Envio esta carta para ti, pessoa que não existe. Já ninguém as escreve, hoje em dia.
Se alguém redigisse uma epístola, ela poderia soar mais ou menos assim.
Querida pessoa, espero que te encontres bem. Há muito tempo que não nos vemos, não faço ideia de como te sentes.
Queria falar-te de como transcorrem hoje os meus dias. Como deverás saber, há 32 anos apostei numa profissão que, décadas depois, entraria em vias de extinção.
É nesse caminho que se encontra agora, e depois de um ano e meio a tentar regressar a ela percebi que estava a tentar furar uma parede de ferro com a palma da minha mão.
Alterei a estratégia e fui trabalhar para um sector completamente diferente.
Agora falo com brasileiros e portugueses todos os dias, tendo por função resolver os problemas que podem surgir durante uma viagem.

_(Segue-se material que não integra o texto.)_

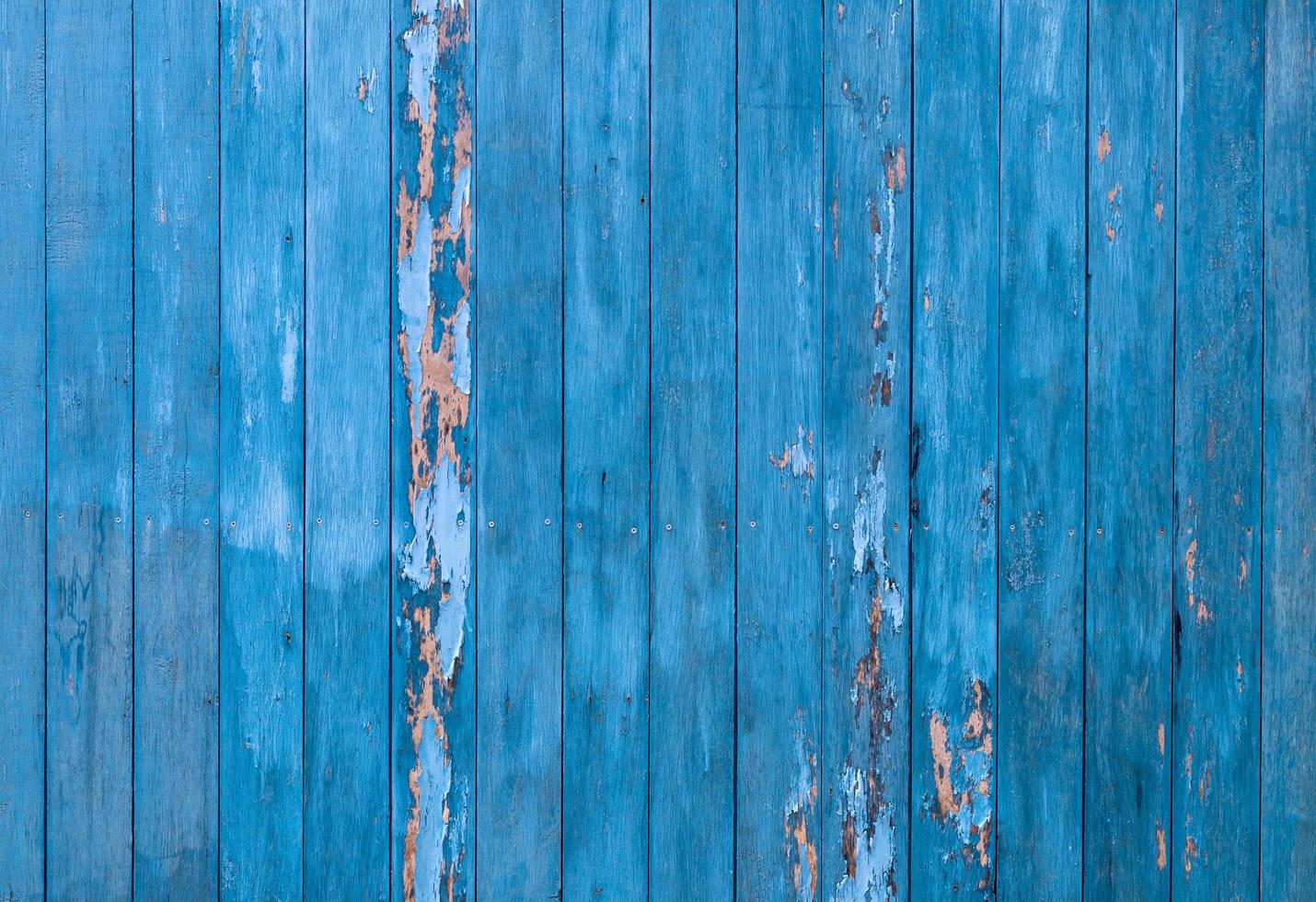 Old wooden fence background many blue vertical peeling. photo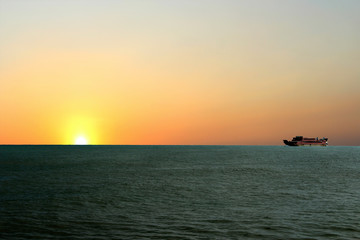 Fototapeta premium a beautiful sunrise appears on the high seas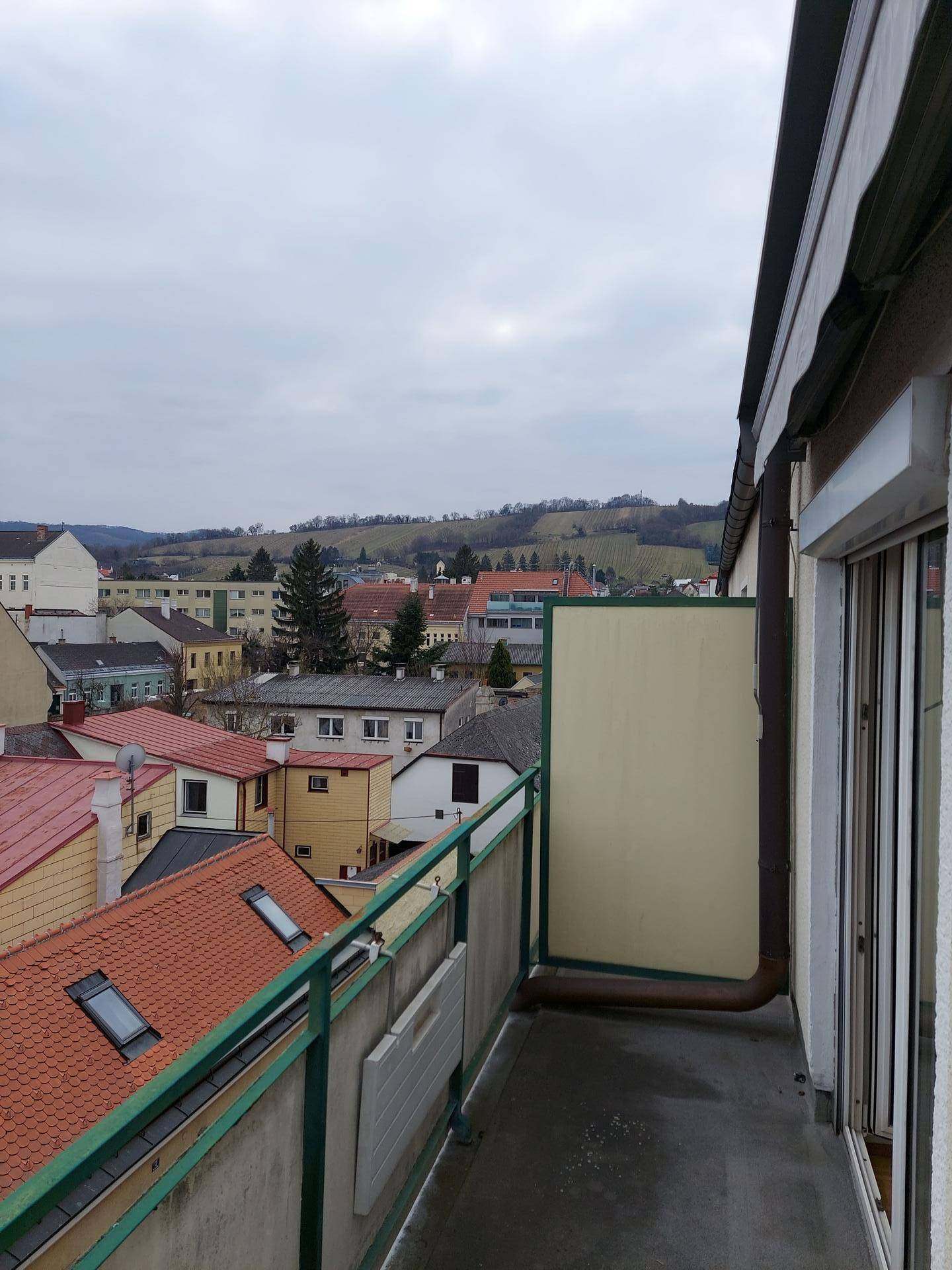 Schmaler Balkon mit grüner Brüstung und Blick über die Dächer und sanften Hügel.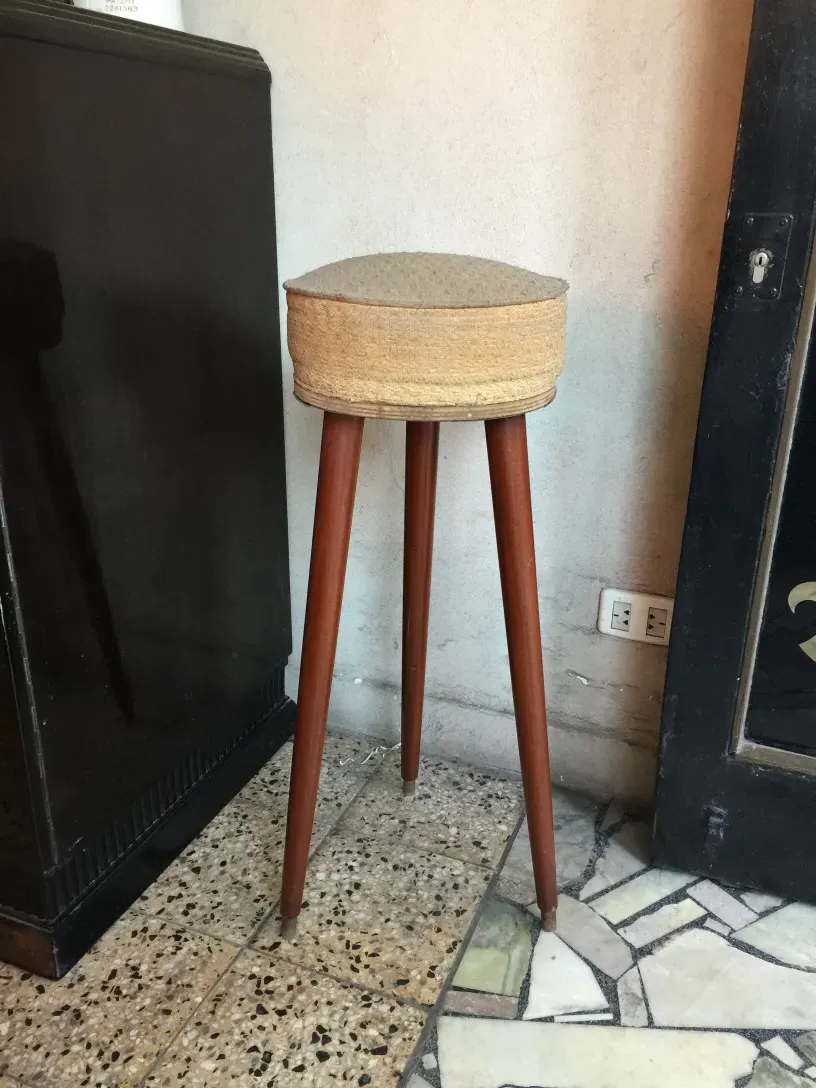 Tabouret ancien à trois pattes, dans un cadre classique et accueillant.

É uma forma de ganhar a vida como qualquer outra. Trabalho oito horas por dia, em horários rotativos, cinco dias por semana, com folgas alternadas.
A paixão maior fica para outras áreas da minha vida.
Mas agora gostava de saber de ti.
Como vai a tua existência neste momento? O casamento corre-te bem? Os teus filhos estão crescidos e felizes?
Como foram as férias? Onde vais passar o último dia do ano? Já compraste as prendas de Natal?
Conta-me, diz-me, relata-me tudo. Quero ouvir-te, desejo saber os teus anseios e o que te faz feliz, querida pessoa que não existe.